* Provided data *
^^^^^^^^
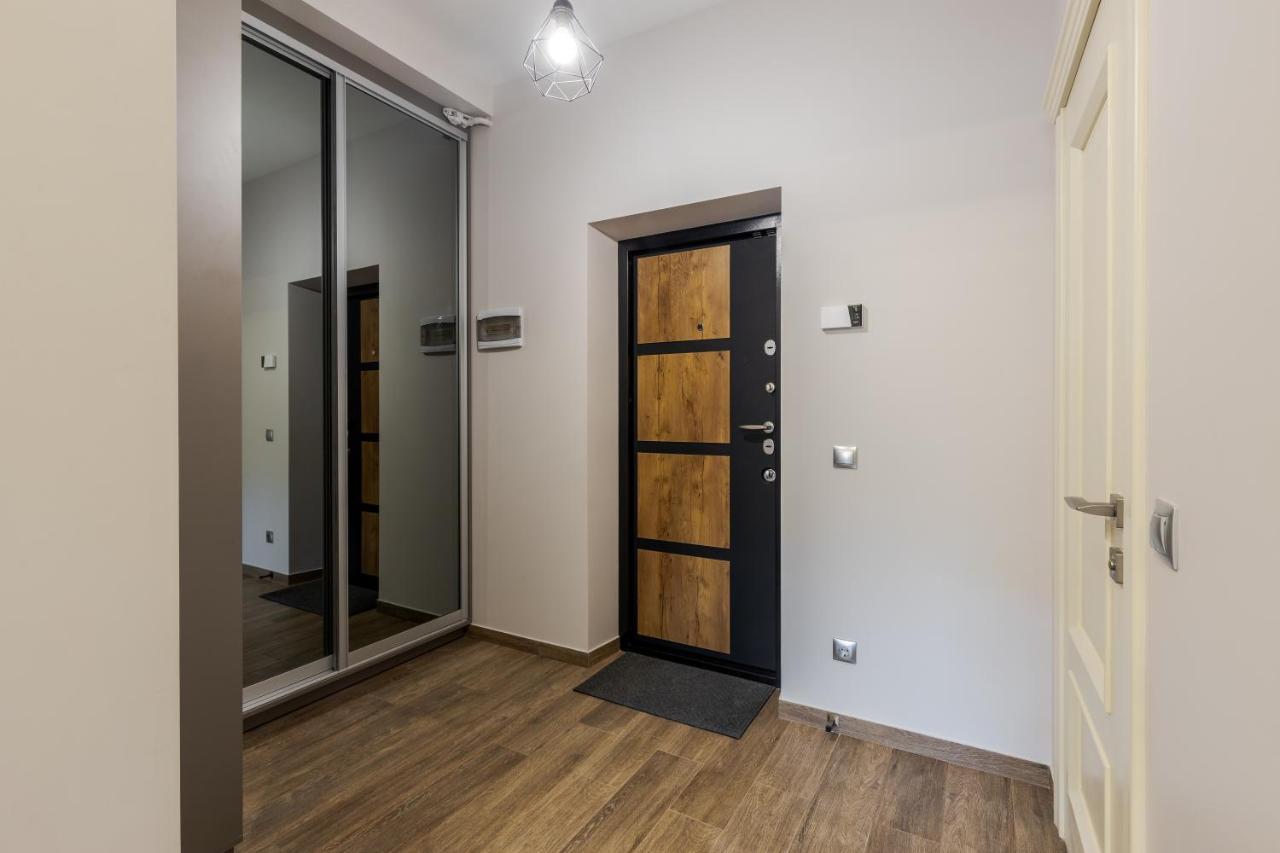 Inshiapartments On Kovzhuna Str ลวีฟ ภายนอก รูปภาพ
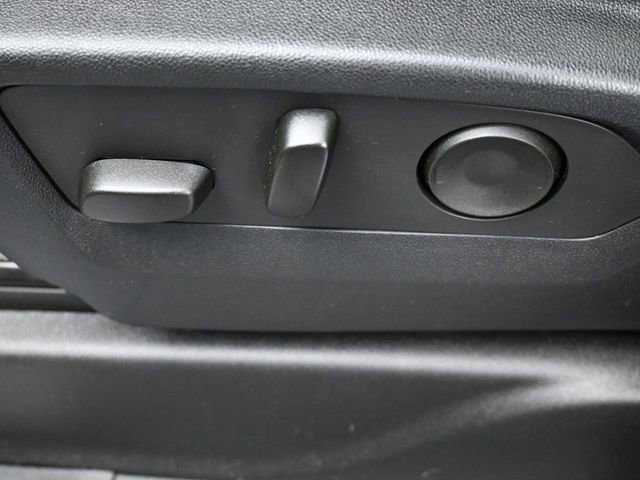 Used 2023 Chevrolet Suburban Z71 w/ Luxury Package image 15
^^^^^^^^
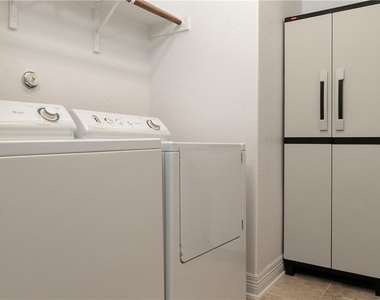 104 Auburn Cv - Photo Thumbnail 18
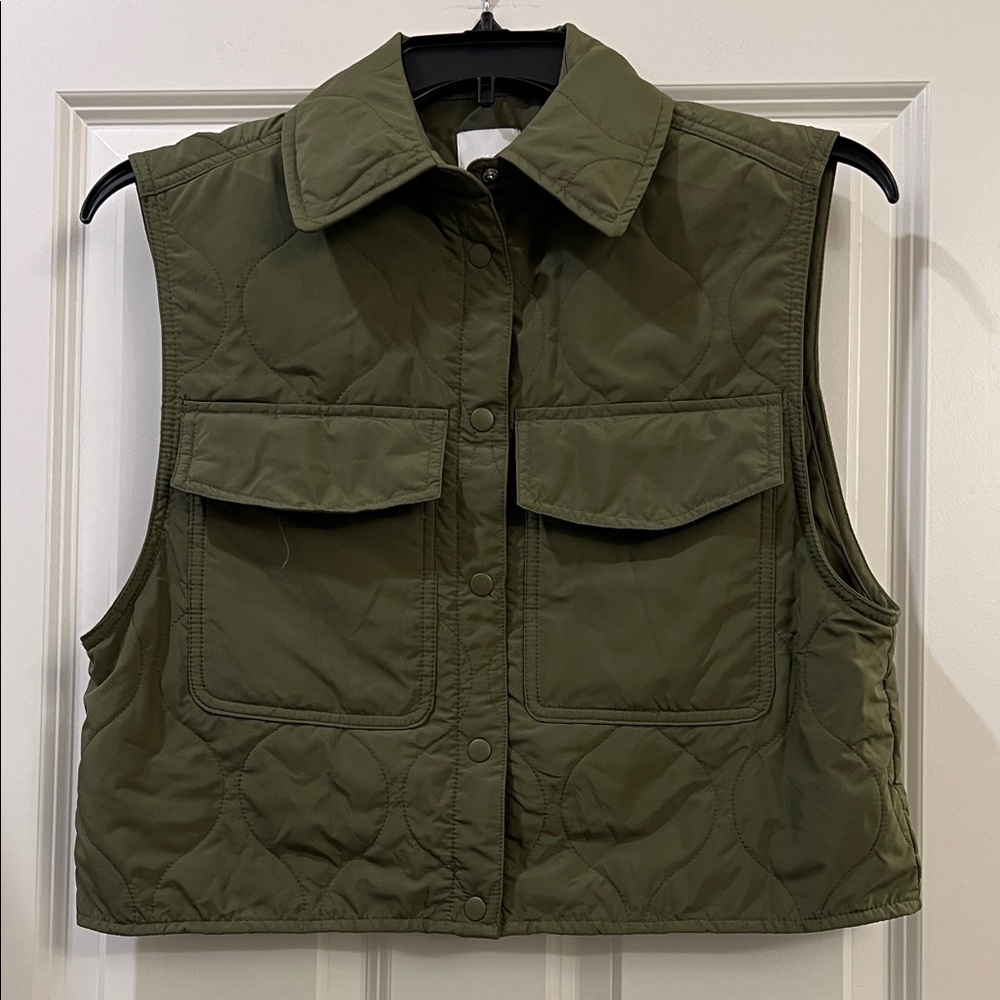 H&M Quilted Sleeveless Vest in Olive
^^^^^^^^
* Work item *
Everything from the line above that contains "Inshiapartments On Kovzhuna" down to the line that contains "Used 2023 Chevrolet" must be reproduced exactly, both ends included. Omit the pictures.

* Result *
 Inshiapartments On Kovzhuna Str ลวีฟ ภายนอก รูปภาพ
 Used 2023 Chevrolet Suburban Z71 w/ Luxury Package image 15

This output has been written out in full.